Network President Wants Hearing To Be Open To Public, Media

John Eggerton -- Multichannel News, 4/19/2009 10:23:24 PM

Herring Broadcasting's Wealth TV wants the judge in the Federal Communications Commission program-carriage hearing against Comcast to open the hearing to the public.

Wealth TV president Robert Herring told Multichannel News about the network's position over the weekend.

The network's hearing begins Monday, following on the heels of the Friday close of the National Football League complaint against Comcast over the NFL Network --  the first of three program carriage hearings lined up at the FCC over the next three weeks.

"We want to keep as much sunlight as we can on the upcoming trial," said Herring. "[W]e would prefer that the proceedings be open to public and media.

In the NFL-Comcast case, the lawyers for both sides asked the judge to close the trial during testimony on financial matters. After Bloomberg lawyers complained, the judge compromised by trying to keep it open as much as possible, and provide redacted transcripts for the rest as expediently as possible, which meant a couple days.

Herring filed the complaint with the FCC Dec. 20 against Time Warner Cable maintaining that the nation's second-largest cable operator unlawfully discriminated against Wealth TV by refusing to carry the independent programmer or negotiate in good faith for distribution while it carried the affiliated Mojo, which was similar in content and also targeted affluent males 25 to 49.

Mojo and its parent In Demand Networks are owned by Comcast In Demand Holdings, Inc. Cox Communications Holdings, Inc. and Time Warner Entertainment-Advance/Newhouse Parternship. Mojo was shuttered late last year.

Herring argues that the absence of a carriage agreement for Mojo also showed that "[t]he affiliate relationship between defendants and their affiliate apparently made the normal written contract for carriage unnecessary."

The FCC's Media Bureau under then FCC chairman Kevin Martin, tentatively concluded that the cable operators had

discriminated, but Martin did not have the votes to conclude that at the commission level. The full commission sent that and the two other complaints to an administrative law judge for fact-finding.

The Media Bureau, unhappy with the judge's timetable for the hearings, tried to reclaim the decision. Enter acting FCC chairman Michael Copps, who sent it back to the judge, this time ALJ Richard Sippel.

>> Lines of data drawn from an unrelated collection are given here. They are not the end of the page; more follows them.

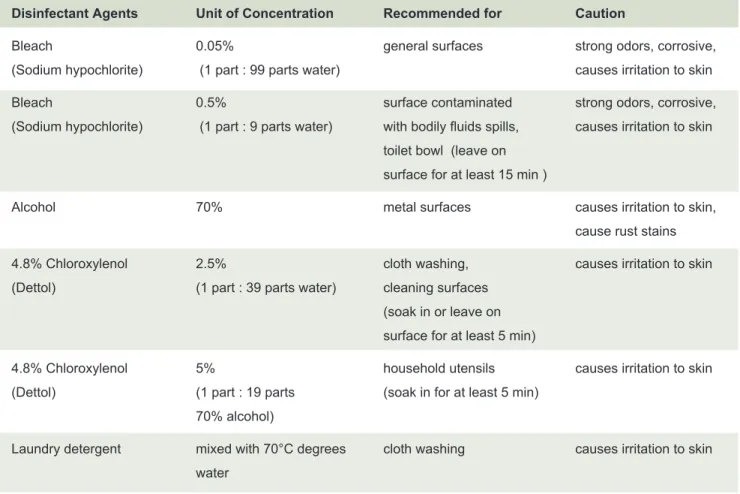 TABLE 1. The cleaning and disinfection guideline for non-hospital settings by Faculty of Pharmacy, Ubon ratchathani  Univesity (UBU)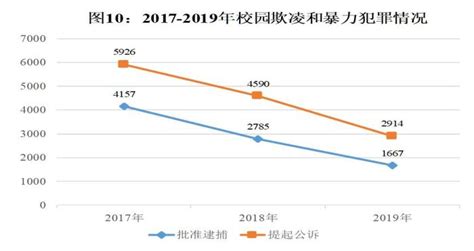上海这份文件显示：性侵犯罪中近六成涉未成年人 - 世相 - 新湖南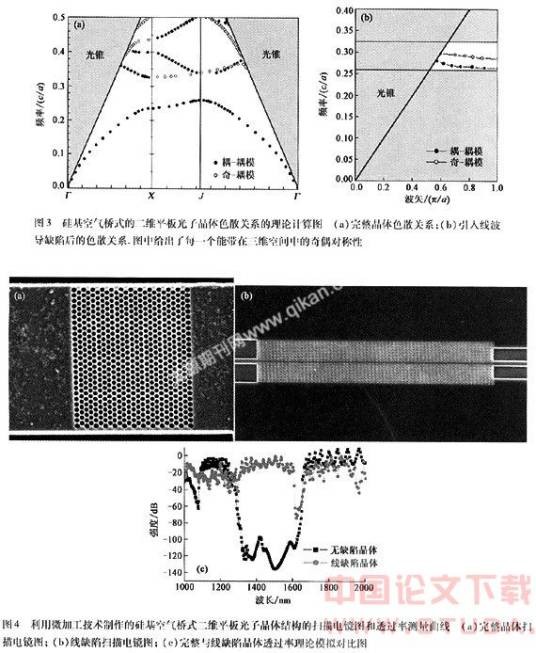 共振结构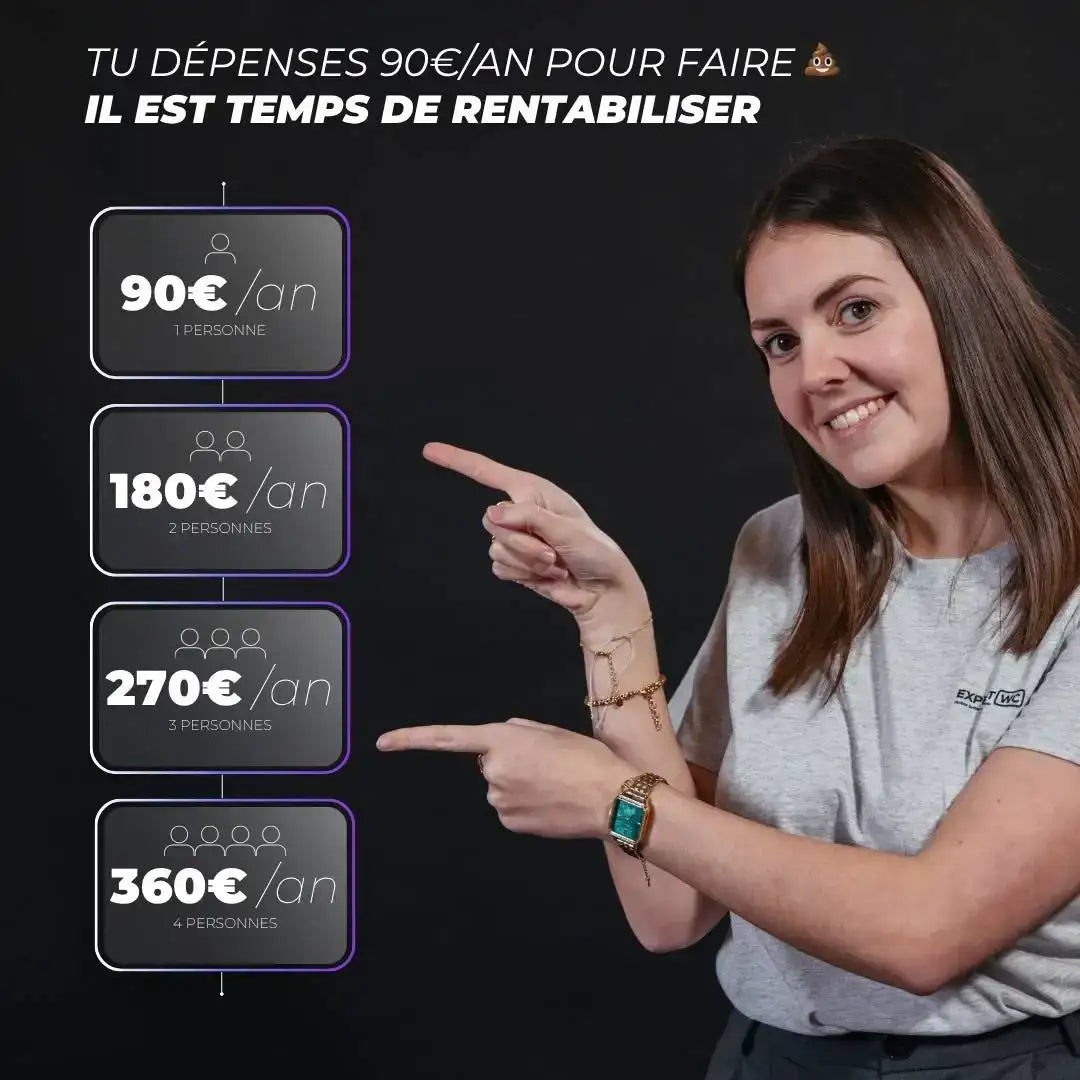 Budget papier toilette de 90 à 360 € par an selon la taille du foyer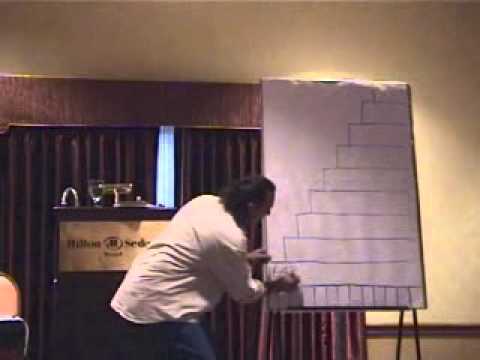 Ian Xel Lungold - The Mayan Calendar: Welcome to the Evolution Part 1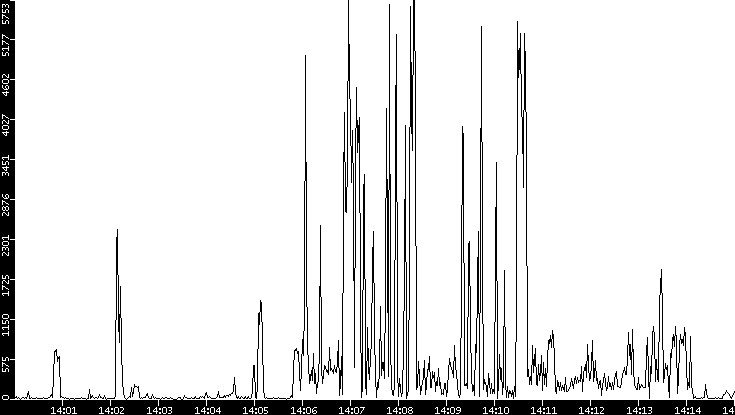 Throughput vs. Time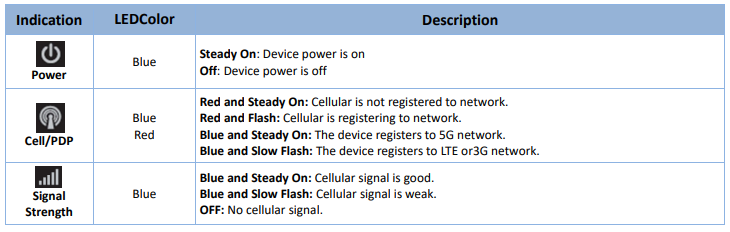 D-Link-DWM-1311-G-5G-M2M-VPN-Modem-Fif-6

The program-carriage complaint hearings are unusual, but they still will not resolve the cases. The judge's ruling is

an advisory to the commissioners, who must still vote on the complaints. Then, whoever loses could well take the decision to federal court.

In any event, there will almost certainly be no decision on Herring against the cable operators for a month or so after the hearing.